Main Street Historic District - Vicksburg MS
Posted by: Groundspeak Premium Member Benchmark Blasterz
N 32° 21.200 W 090° 52.531
15S E 699915 N 3581585
An old commercial section of town, where Main, Openwood, and Locust streets meet, is preserved in the US National Register Main Street Historic District in Vicksburg.
Waymark Code: WMMJ51
Location: Mississippi, United States
Date Posted: 09/26/2014
Published By:Groundspeak Premium Member silverquill
Views: 1

This small commercial district in the eastern part of Vicksburg dates from the 1830s. It is anchored by a marble horse trough that Blasterz figure was pretty busy "back in the day, before all the horses in Vicksburg were eaten during the siege (March-July 1863) and then again during the intervening decades from the end of the siege until the automobile replaced horse-drawn conveyances.

From the Mississippi Department of Archives and History website: (visit link)

"The focus of the Main Street Historic District in Vicksburg is a small triangular plot on a hill at the junction of Main, Locust, and Openwood streets. The center of the plot is marked by a marble horse trough. Around this point stand the larger, commercial and public
buildings of the district, with the smaller, residential structures arrayed along the hillside of Locust and Main streets below. The district is composed of seventeen structures, ten commercial and public buildings and seven residences. Most residences date from the 1830s, '40s, and T 50s; commercial and public buildings were built between 1840 and 1905.
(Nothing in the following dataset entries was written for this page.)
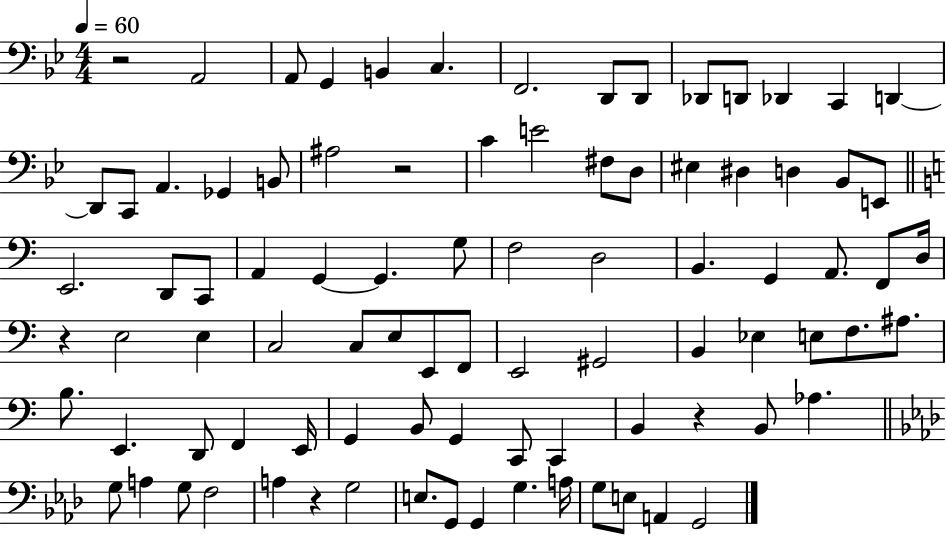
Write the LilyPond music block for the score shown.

{
  \clef bass
  \numericTimeSignature
  \time 4/4
  \key bes \major
  \tempo 4 = 60
  r2 a,2 | a,8 g,4 b,4 c4. | f,2. d,8 d,8 | des,8 d,8 des,4 c,4 d,4~~ | \break d,8 c,8 a,4. ges,4 b,8 | ais2 r2 | c'4 e'2 fis8 d8 | eis4 dis4 d4 bes,8 e,8 | \break \bar "||" \break \key a \minor e,2. d,8 c,8 | a,4 g,4~~ g,4. g8 | f2 d2 | b,4. g,4 a,8. f,8 d16 | \break r4 e2 e4 | c2 c8 e8 e,8 f,8 | e,2 gis,2 | b,4 ees4 e8 f8. ais8. | \break b8. e,4. d,8 f,4 e,16 | g,4 b,8 g,4 c,8 c,4 | b,4 r4 b,8 aes4. | \bar "||" \break \key aes \major g8 a4 g8 f2 | a4 r4 g2 | e8. g,8 g,4 g4. a16 | g8 e8 a,4 g,2 | \break \bar "|."
}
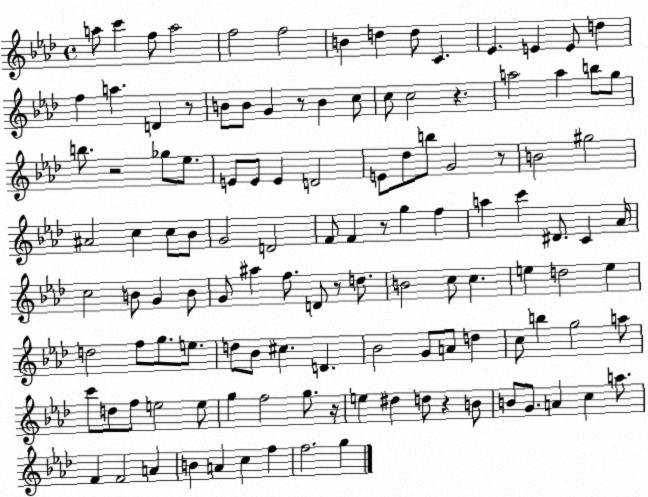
X:1
T:Untitled
M:4/4
L:1/4
K:Ab
a/2 c' f/2 a2 f2 f2 B d d/2 C _E E E/2 d f a D z/2 B/2 B/2 G z/2 B c/2 c/2 c2 z a2 a b/2 g/2 b/2 z2 _g/2 _e/2 E/2 E/2 E D2 E/2 _d/2 b/2 G2 z/2 B2 ^g2 ^A2 c c/2 _B/2 G2 D2 F/2 F z/2 g f a c' ^D/2 C _A/4 c2 B/2 G B/2 G/2 ^a f/2 D/2 z/2 d/2 B2 c/2 c e d2 e d2 f/2 g/2 e/2 d/2 _B/2 ^c D _B2 G/2 A/2 d c/2 b g2 a/2 c'/2 d/2 f/2 e2 e/2 g f2 g/2 z/4 e ^d d/2 z B/2 B/2 G/2 A c a/2 F F2 A B A c f f2 g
Within the district there is but one intrusion; two recently constructed buildings exist, but they do not detract from the character of the district. All but three of the seventeen structures in the district are architecturally and/or historically significant, and despite incompatible alteration of a few structures renovation has not diminished the overall architectural character of the district. Some original landscape features, such as cast-iron
fences and brick-paved streets, remain integral parts of the district. The Main Street Historic District has indeed largely retained its nineteenth century ambience.

. . . .

Statement of significance

The Main Street Historic District in Vicksburg, which includes what is thought to be the earliest residential and commercial area in the city (V. Blaine Russell, a collection of articles from the Vicksburg Evening Post, June 10, 1930-May 25, 1949, located in Old Courthouse Museum, Vicksburg), is architecturally significant for its concentration of well preserved Greek Revival residences and nineteenth- and twentieth-century commercial and public buildings, including Christ Episcopal Church, oldest church and probably oldest public building extant in Vicksburg. The low scale of buildings, and amenities such as cast-iron fences and brick-paved streets, contribute to the nineteenth-century character of the district.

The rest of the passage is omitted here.